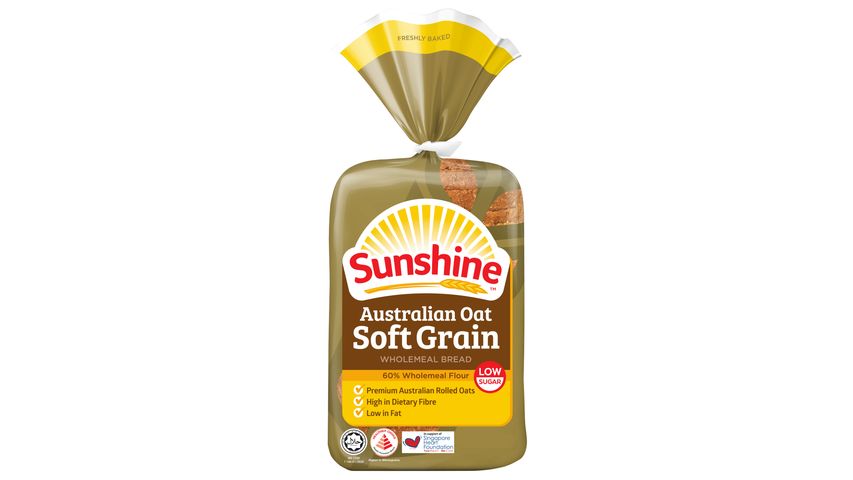 Sunshine Australian Oat Soft Grain Wholemeal Bread 400g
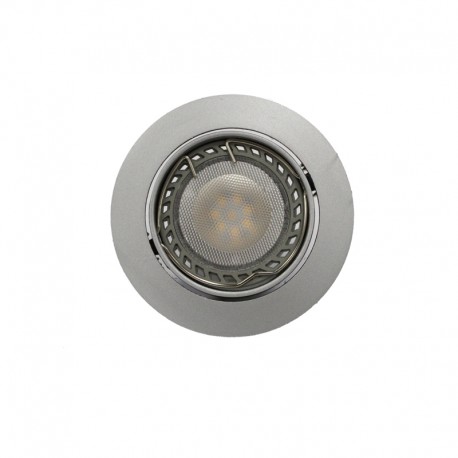 LED Recessed Light GU10 6W Round Steel Tilting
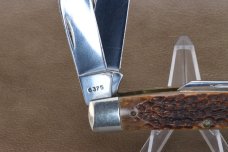 CASE XX 6375CV 2015 BONE HANDLES JUMBO STOCKMAN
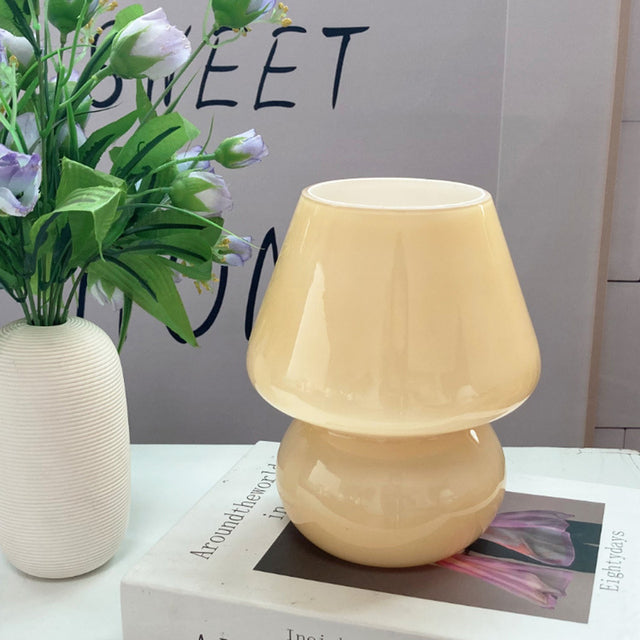 Sikunuo | Creative Mushroom Glass Mushroom Table Lamp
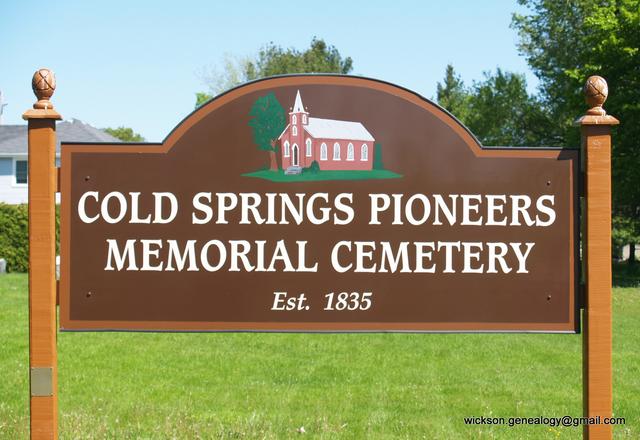 Cold Springs Pioneers Memorial Cemetery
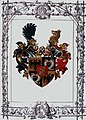 Coat of arms from the confirmation of nobility granted to Joseph von Fenrich in 1913 by Francis Joseph I of Austria.
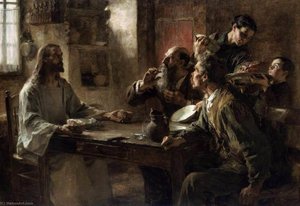Supper At Emmaus — Léon Augustin L'hermitte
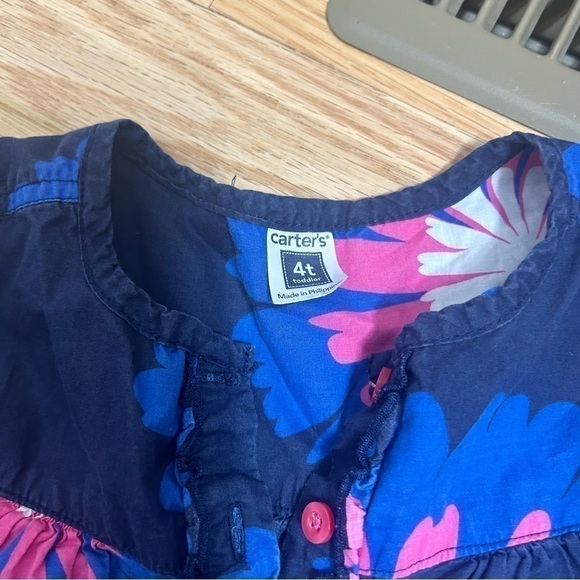 4T Girls Top Bundle Lot OshKosh Floral Carter’s Shirt Blouse Cat & Jack Pink - Picture 5 of 7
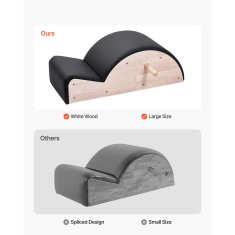 VEVOR Pilates korektor kralježnice 930x420x330 mm dodatak za kućnu teretanu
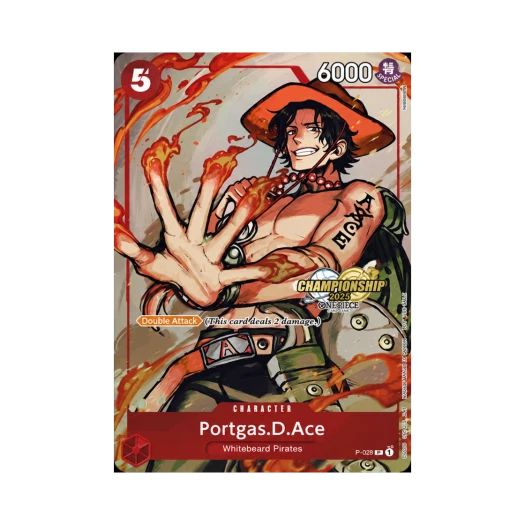 원피스 TCG 포트거스 D. 에이스 P P-028 프로모션 카드 챔피언쉽 2023 이벤트 팩 파이널리스트 (영문판) 카드 이미지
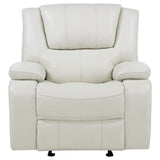 Camila White Upholstered Glider Recliner Chair from Coaster - Luna Furniture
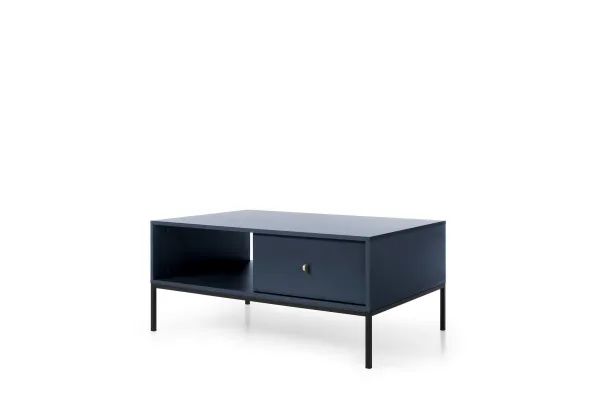 Piaski Konferenčný stolík Mono II 104 cm modrý/čierny
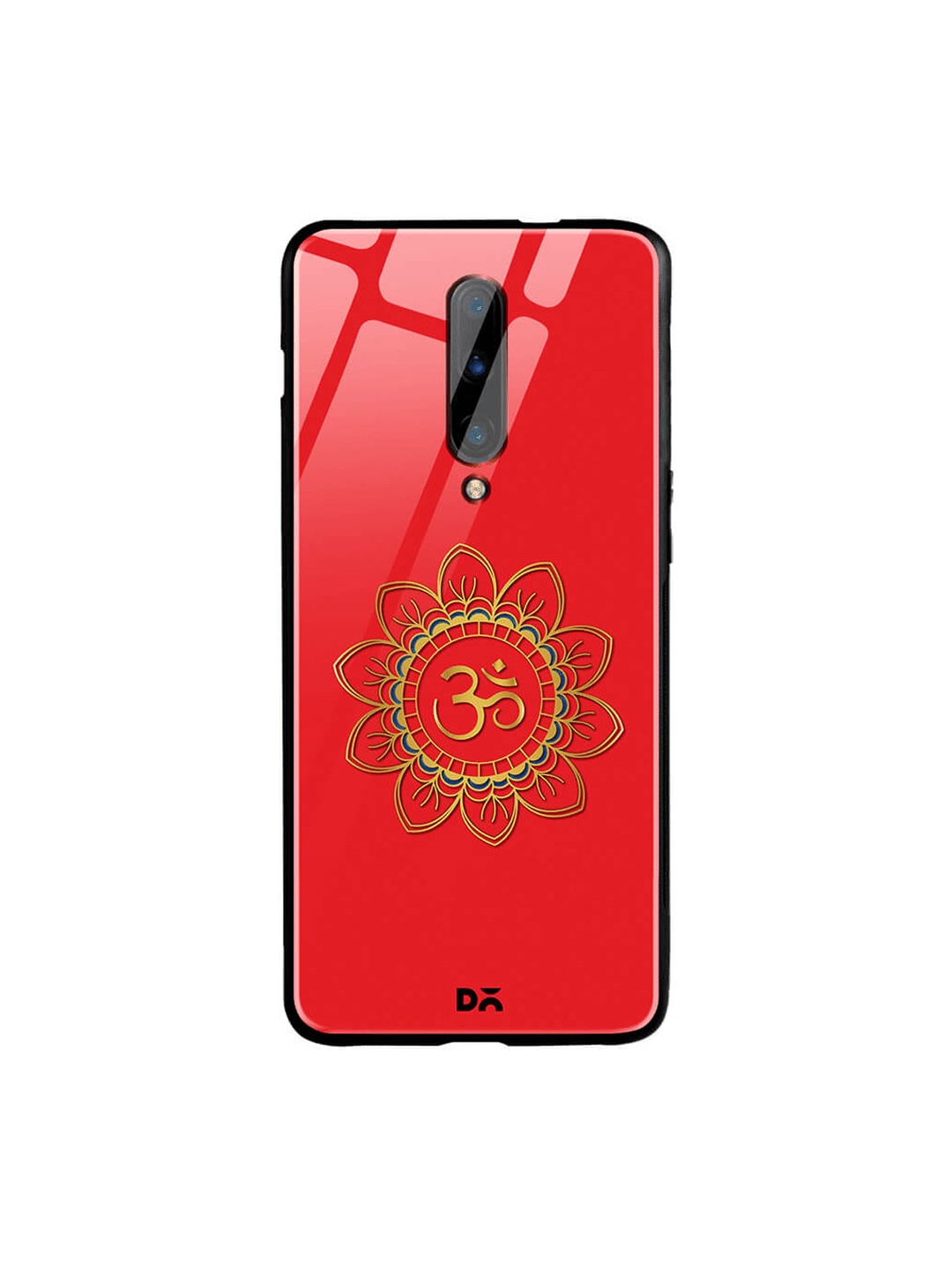 

DailyObjects Red OnePlus 7 Pro Glass Case Cover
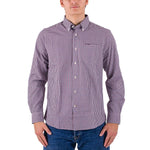 Barbour 01. MENS APPAREL - MENS LS SHIRTS - MENS LS BUTTON UP Men's Padshaw Tailored Gingham Shirt RICH RED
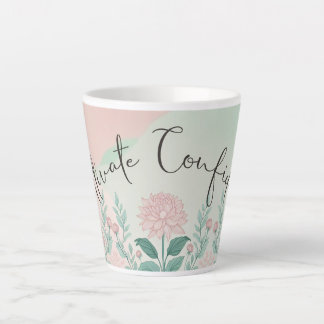 Cultivate Confidence Themed Latte Mug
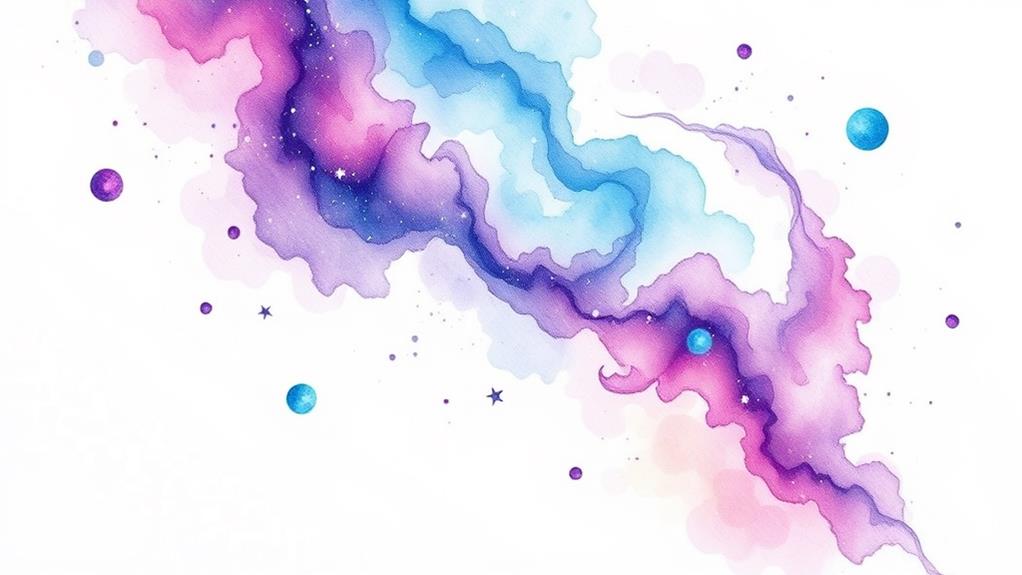 cosmic watercolor nebula artwork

= What this task involves =
Restate, exactly as they appear, the line with "원피스 TCG 포트거스" and all the lines after it up to the end of the data above; images do not belong in the copy.

= Result of this exercise =
 원피스 TCG 포트거스 D. 에이스 P P-028 프로모션 카드 챔피언쉽 2023 이벤트 팩 파이널리스트 (영문판) 카드 이미지
 Camila White Upholstered Glider Recliner Chair from Coaster - Luna Furniture
 Piaski Konferenčný stolík Mono II 104 cm modrý/čierny

DailyObjects Red OnePlus 7 Pro Glass Case Cover
 Barbour 01. MENS APPAREL - MENS LS SHIRTS - MENS LS BUTTON UP Men's Padshaw Tailored Gingham Shirt RICH RED
 Cultivate Confidence Themed Latte Mug
 cosmic watercolor nebula artwork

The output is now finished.